Note: the scale of pz doesn't matter, since pz will be used only to compare the front-to-back order of scan-converted triangles.

After computing the perspective transformation, you just do your standard viewport transformation on px,py to compute which pixel the vertex lands on.

As we discussed in class, you are going to be implementing the Z-buffer algorithm, in which you interpolate the three vertex `[ red , green , blue , pz]` values over all the image pixels covered by the triangle in order to figure out which triangle is the frontmost one at each pixel of the image, and also to what color should be at that pixel.

Next week I am going to ask you to implement the complete Z-buffer algorithm. This week I just want you to work on the core part of the scan conversion: Interpolating vertex values across image pixels.
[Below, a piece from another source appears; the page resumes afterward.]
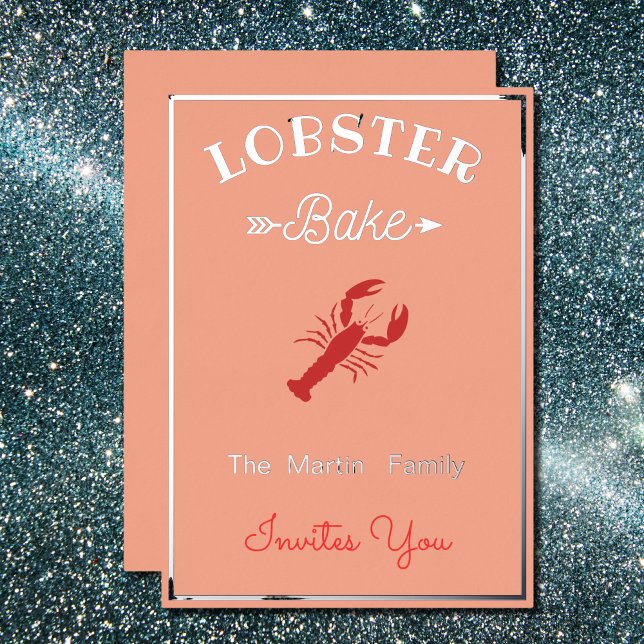 Lobster Bake -  retro typography Foil Invitation (Creator Uploaded)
As we discussed in class, this scan-conversion step is the key place in your rendering pipeline where things are either going to be fast enough to do interactive graphics, or not. There are two things that are crucial for making this algorithm go fast:

• As we discussed in class, you need to use iterative methods. That's just a fancy way of saying that wherever possible, use addition instead of multiplication.
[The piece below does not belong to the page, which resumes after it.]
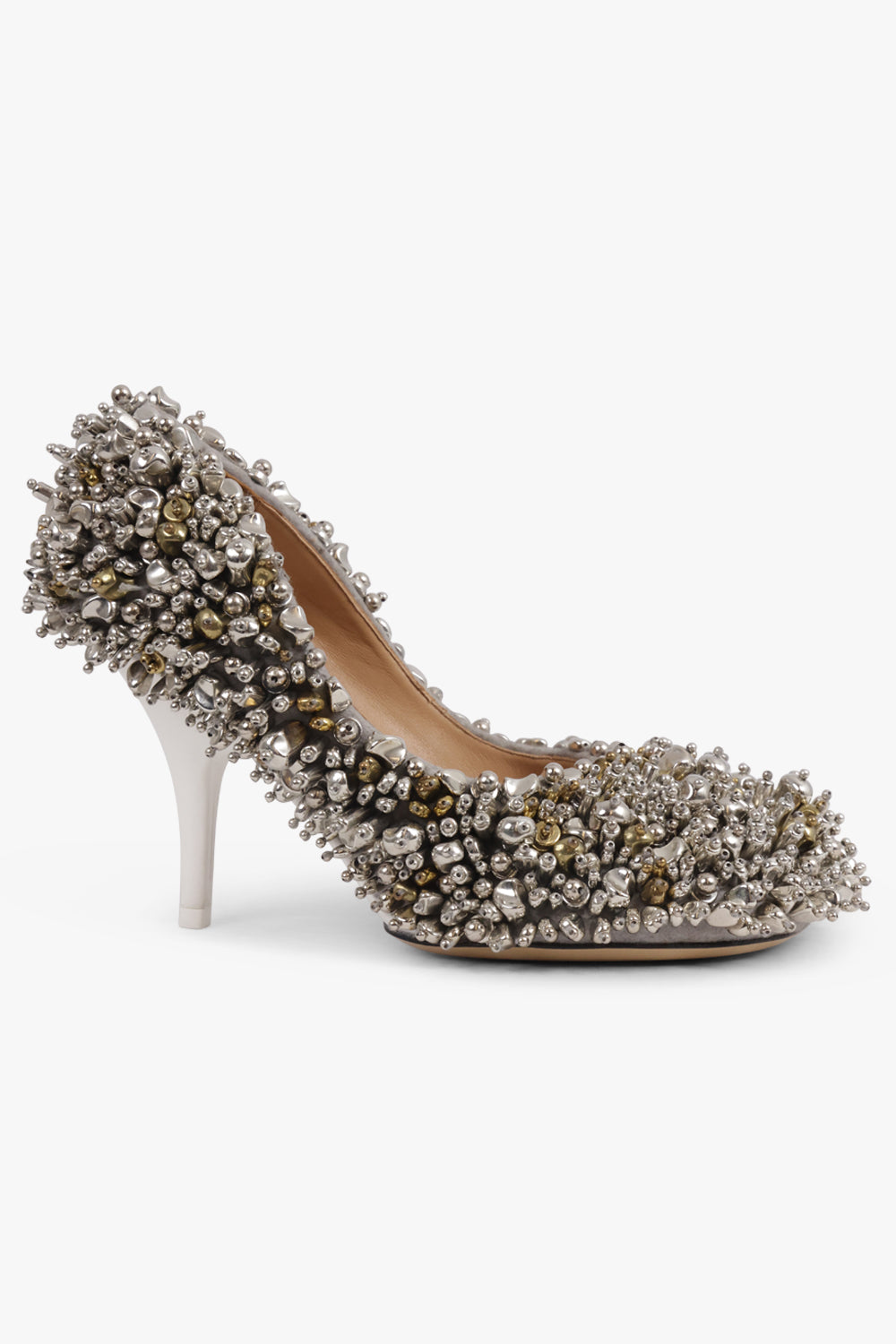 DRIES VAN NOTEN SHOES Embellished 90MM Round Toe Pump | Silver/Gold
• Use integer arithmetic rather than floating point arithmetic. This is especially important in a language like Java, which implements integer math a lot faster than floating point math.
Also, as we discussed in class, the key to making triangle scan-conversion easy to implement and bug-free is to recast it as a simpler problem. In the two diagrams below you see the basic principle of converting a polygon into trapezoids, first by splitting that polygon into triangles (if it isn't already a triangle), and then by splitting each triangle into two trapezoids.

Once you have a trapezoid, then, as we said in class, the only thing you need to do is efficiently interpolate the [r,g,b,pz] values from the four corners down to the pixel level.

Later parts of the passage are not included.